また、将来的には取引先減少のリスクをはらんでいます。軽減税率導入によって、2023年10月からはインボイス(適格請求書)と呼ばれる伝票の発行が行われます。これは、事業者同士が取引した際、売り手と買い手が消費税をいくらやりとりしたかをわかりやすくするためのもの。これによって、納税額から仕入れ先に支払った消費税額を差し引く「仕入れ税額控除」を利用できます。

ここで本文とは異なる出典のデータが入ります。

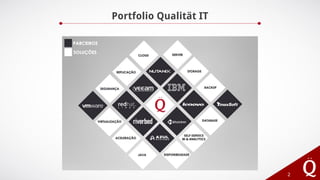 Portfolio Qualität IT
2
 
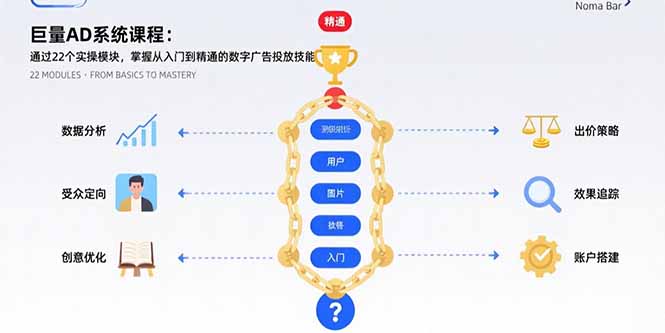 巨量AD系统课程：通过22个实操模块，掌握从入门到精通的数字广告投放技能-启云分享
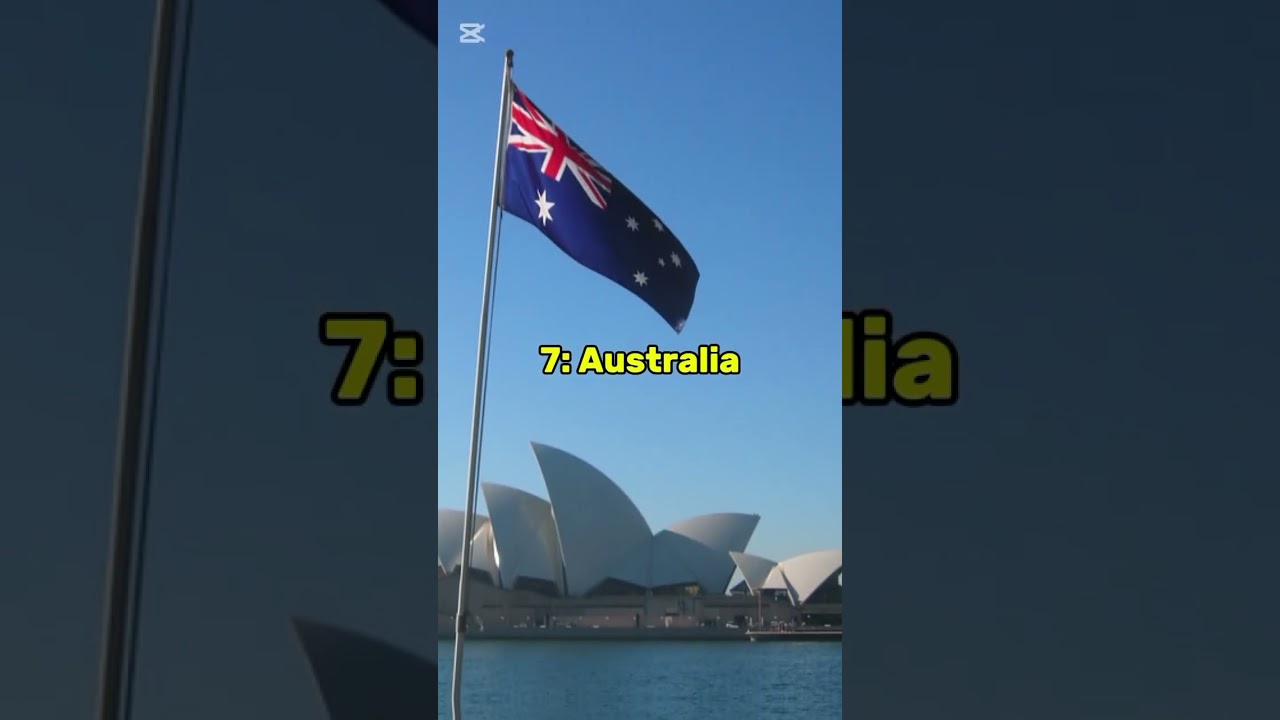 Top 10 most beautiful countries in the world ❤️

ところが、インボイスは課税事業者しか発行できないので、免税事業者は発行できません。つまり、免税事業者からモノを仕入れた課税事業者は、仕入れにかかった消費税を差し引いて納税することができないのです。そのため、課税事業者が免税事業者との取引を避ける可能性があります。取引排除のリスクを考慮し、課税事業者への転換も検討したほうがいいでしょう。
軽減税率制度導入によるリスクは?
経理ミスのリスク
品目によって消費税率が異なるため、税率ごとに売り上げや仕入れを区分することが求められます。もし、本来は10%の取引となる売り上げを8%で処理し続けていたとしたら、売上高の2%を過少申告していた、ということになります。その場合、税務調査で過少申告加算税を課される可能性があります。
経費増大のリスク
複数税率に対応する受発注システムやレジの導入・改修をはじめ、新しい記載ルールに則った請求書や領収書の対応、価格表示の変更、制度理解に向けた従業員への教育といった、さまざまな準備が必要になります。それに伴う経費を早めに試算しておきましょう。
顧客満足度低下のリスク
店舗などの現場では、制度の理解不足によって、お客さま対応などで大きな混乱が生じる可能性があります。営業の一時ストップやクレームといった事態につながれば、顧客満足度が下がり、売り上げ低下のリスクがあります。また、従業員の高齢化や人材確保の難しさから、廃業を決断せざるを得ない状況も考えられます。